Cheah acknowledges that globally, the investment environment remains risky and hence, investors should be defensive and diversify their holdings.

“Generally speaking, I’m neutral on Malaysian and Singaporean stocks. We prefer Chinese stocks, which remain cheap and should benefit from government efforts to stimulate the Chinese economy. We find US stocks rather expensive. We also suggest putting some money in gold as an insurance against an uncertain world,” he advises.

Cheah, who is also an independent non-executive director of the Hong Kong Exchanges and Clearing Ltd, has a 25% stake in Value Partners. Other shareholders include JP Morgan Chase & Co and Vanguard Group.

In August 1974, 20-year-old Cheah sailed from Penang to Hong Kong on a cargo ship, hoping to eke out a living in the former British colony. In Hong Kong, he worked at the Asian Wall Street Journal and Asiaweek. He was also deputy news producer at Hong Kong TVB’s English channel.

He made a mid-career switch in 1989 from journalist to head of research and proprietary trader at Morgan Grenfell, one of the oldest British investment firms.

Four years later, Cheah started Value Partners with his partner V-Nee Yeh. In 2007, it became the first asset management firm to be listed on the Main Board of the Hong Kong Stock Exchange.

Value Partners has assets under management (AUM) of US$18.1 billion (RM75.8 billion) as at June 30, 8% of which is invested in businesses in mainland China.
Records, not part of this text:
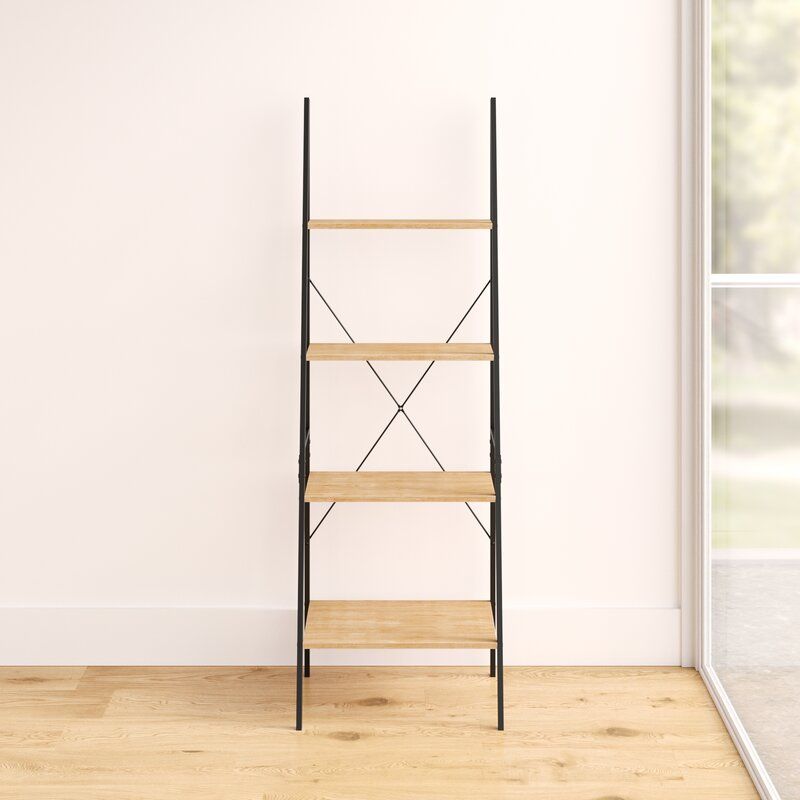 Almanzar Steel Ladder Bookcase thumbnail 3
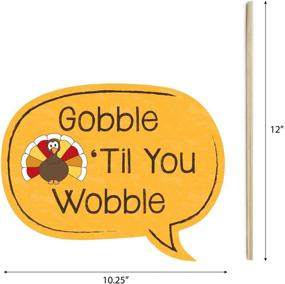 img 1 attached to 🍂 Capture Thanksgiving Joy with Big Dot of Happiness Give Thanks - Thanksgiving Party Photo Booth Props Kit - 20 Count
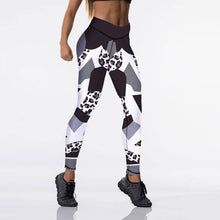 Load image into Gallery viewer, Women Digital Printed High Waist Elasticated Push Up Leggings freeshipping - Tyche Ace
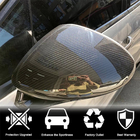 Porsche Panamera 2016-2023 рр. Накладки на дзеркала (2016-2020, Карбон) фото 2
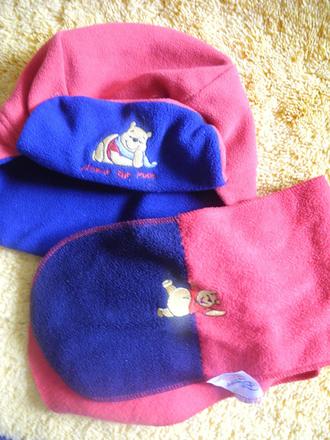 Fleesová čepice a šála, disney,92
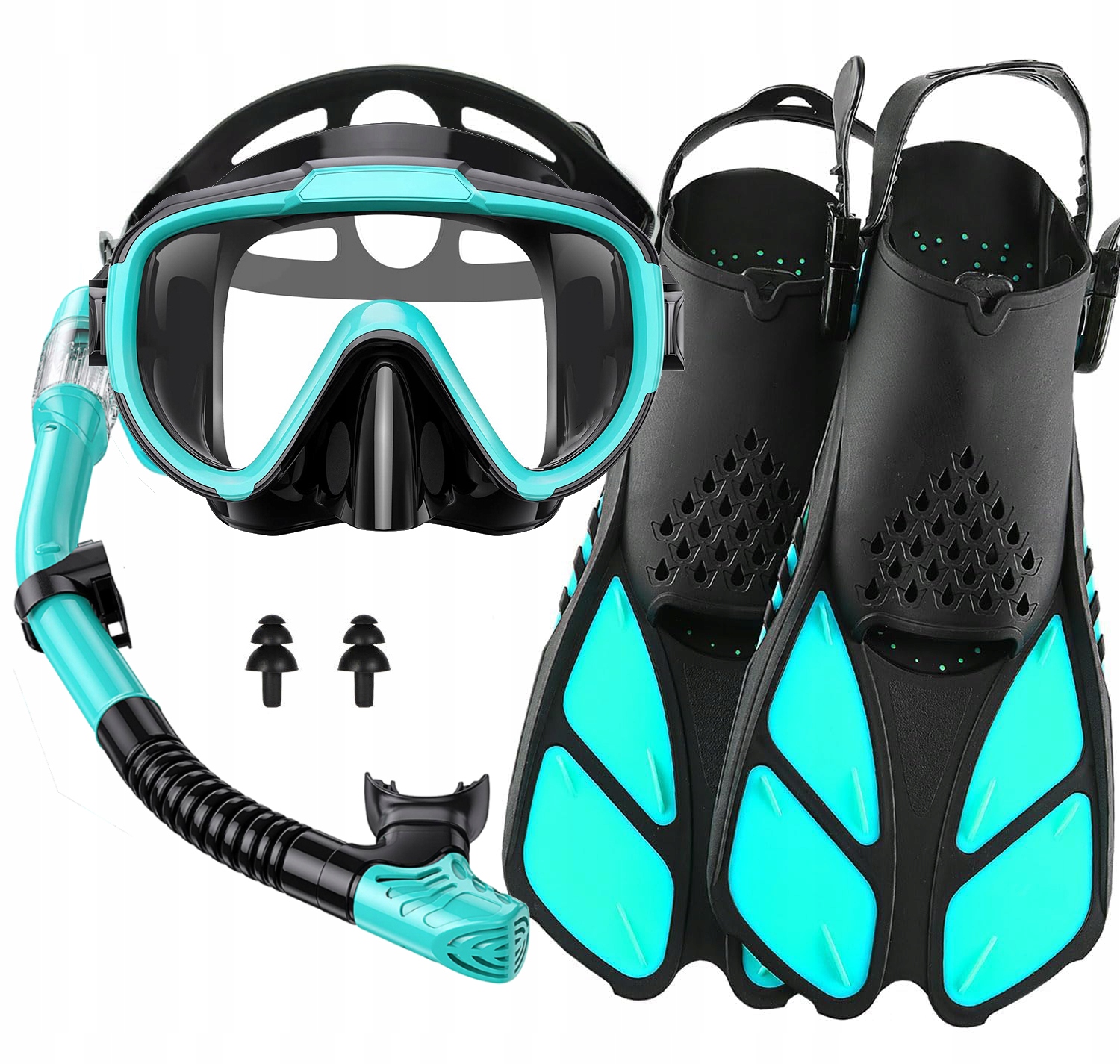 Sada Potápěčské Brýle A Dýmka Na Potápění Brýle A Šnorchl Na Šnorchlování ploutve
Its China-related assets rose more than 35% from the end of last year to US$1.5 billion (see chart).

For instance, its Value Partners Classic Fund, which has a fund size of US$1.08 billion, primarily invests in markets in Asia-Pacific, with a Greater China focus. The fund’s top 10 securities holdings include Chinese e-commerce giant Alibaba Group Holding Ltd, chip foundry Taiwan Semiconductor Manufacturing Co Ltd, insurance giant AIA Group Ltd and liquor distillers Kweichow Moutai Co Ltd and Wuliangye Yibin Co Ltd.

 

Keep calm

Despite its recent weak share price performance, Value Partners stresses that it is business as usual for the group as it continues to maintain a solid financial profile.

“The recent situation in Hong Kong has broadly affected the performance of Hong Kong-related stocks. [Stocks in] industries such as tourism, retail and consumption in general have recorded a drop of around 20% to 40% in their share prices, while companies in the financial services sector have declined around 10% to 20%. The financial services sector remains stable overall in Hong Kong,” the fund house tells The Edge via email.

Value Partners says headwinds remain on the back of trade tensions, weakening macro data and global recession fears.

“We expect policies will continue to be accommodative to cushion the market downside risk. The current valuations suggest long-term investors would be rewarded with more upside risk than downside risk.

“We prefer domestic-driven sectors such as healthcare and companies that benefit from China consumption upgrade. Besides, selective technology companies are also attractive after the de-rating cycle in 2018,” the firm adds.

While Value Partners expects global uncertainties to continue to hurt investors’ sentiment and markets to remain volatile, it is of the view that investors should not overreact.

“As a value investor, we find this a good window to identify undervalued investment opportunities. Bottom-up stock selection would be the main return driver and we look for companies that are trading below their intrinsic values.

“Value Partners has experienced many different market cycles and has weathered similar market uncertainties in the past 26 years. We expect the market environment to gradually return to normal,” the firm concludes.